The FLSA generally requires employers to pay their non-exempt employees an overtime rate of time and one half their regulate rate for hours worked in excess of 40 in a workweek. The FLSA, however, exempts certain employees from these overtime requirements, including exemptions for executive, administrative and professional employees, the so-called “white-collar” exemptions. With some exceptions, employees currently must be paid a guaranteed salary of at least $455 per week ($23,660 per year) to satisfy the “white collar” exemptions and their job duties primarily must involve executive, administrative or professional duties as defined by the regulations. Over the last several years, employers have faced significant litigation over whether their exempt employees satisfied the “duties test” of the “white collar” exemptions and were truly exempt. Indeed, a cottage industry of wage and hour class and collective actions now exists based, in part, upon questions over the “duties test.”
On March 13, 2014, President Obama issued a Presidential Memorandum directing the DOL to update the FLSA regulations to increase the number of workers who would be eligible for overtime pay. The Memorandum also promised to simplify the FLSA and make it easier for employers to determine whether their employees were truly exempt. This week, the DOL followed through on the first directive and punted on the second.
In its proposed regulations, the DOL more than doubles the “salary level test” and, as a threshold matter, requires workers to earn at least a salary equal to the 40th percentile of all full-time salaried workers. The DOL expects this minimum salary level to be $50,440 per year by the time the rule is formally implemented and automatically to rise every year thereafter to keep up with salary increases. The DOL also increased the minimum salary level needed to qualify for the highly compensated employee exemption from $100,000 per year to approximately $122,148 per year (e.g. 90th percentile of all full-time salaried workers). The DOL expects this will directly cost employers between $239.6 and $255.3 million per year to familiarize employers with the new rule, determine whether workers need an adjustment to their status and to adjust workers to a new status. The DOL additionally expects the rule to transfer income from employers to employees in the form of higher earnings at an average of about $1.2 and $1.3 billion per year.
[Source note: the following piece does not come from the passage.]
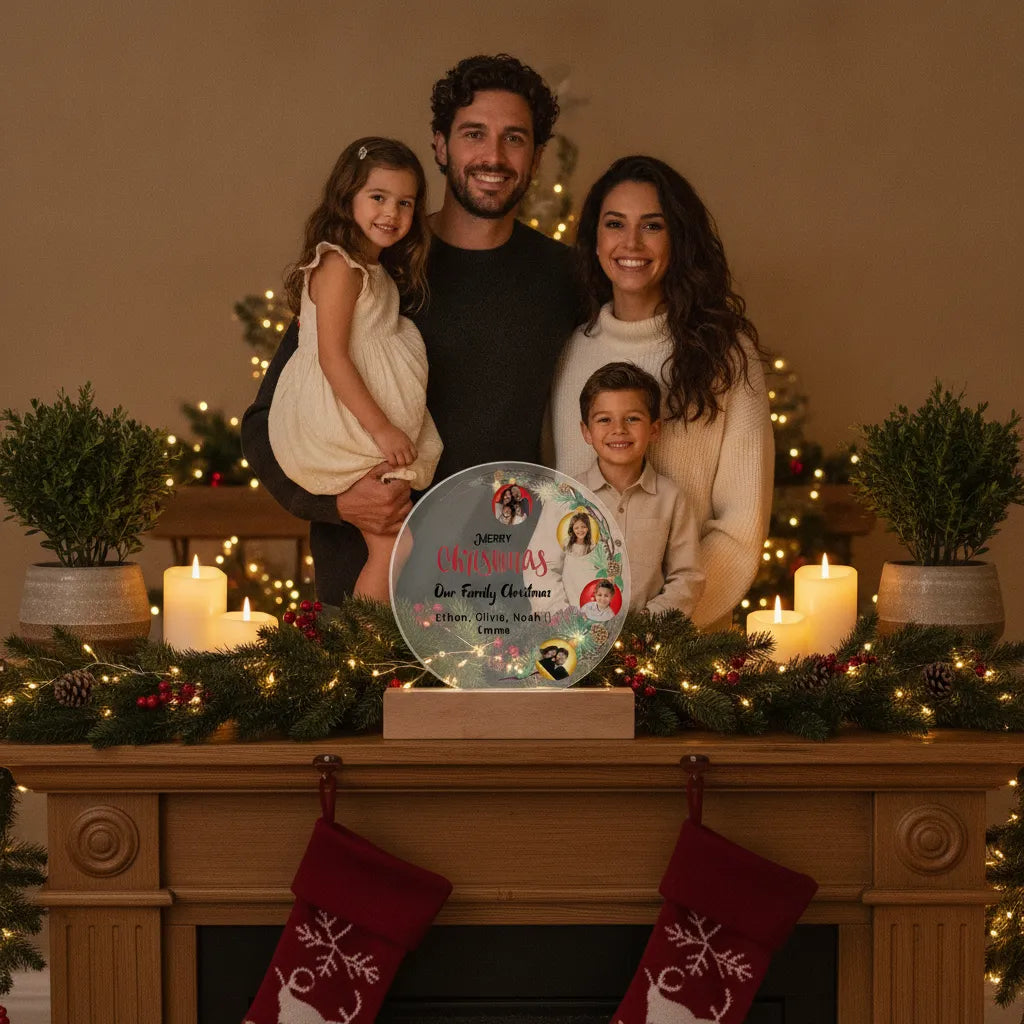 Personalized Family Christmas Acrylic Photo Plaque – Custom 4 Photo LED Night Light with Names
Although the DOL was also directed to simplify FLSA regulations so that they would be easier for both workers and employers to understand and apply, the DOL has not proposed such simplifications. Instead, they have asked the public to provide their comments on how the “duties test” is currently working and to recommend suggestions for improving it.
While a final rule will not issue for several months, a momentous change appears to be on the horizon. Employers need to pay close attention to these developments as the drastic increase in salary levels proposed by the DOL will require many employers to revisit their employee’s FLSA status and will likely lead to substantial increases in the cost of labor.
Employers are encouraged to provide their comments to the proposed rule change during the public comment period.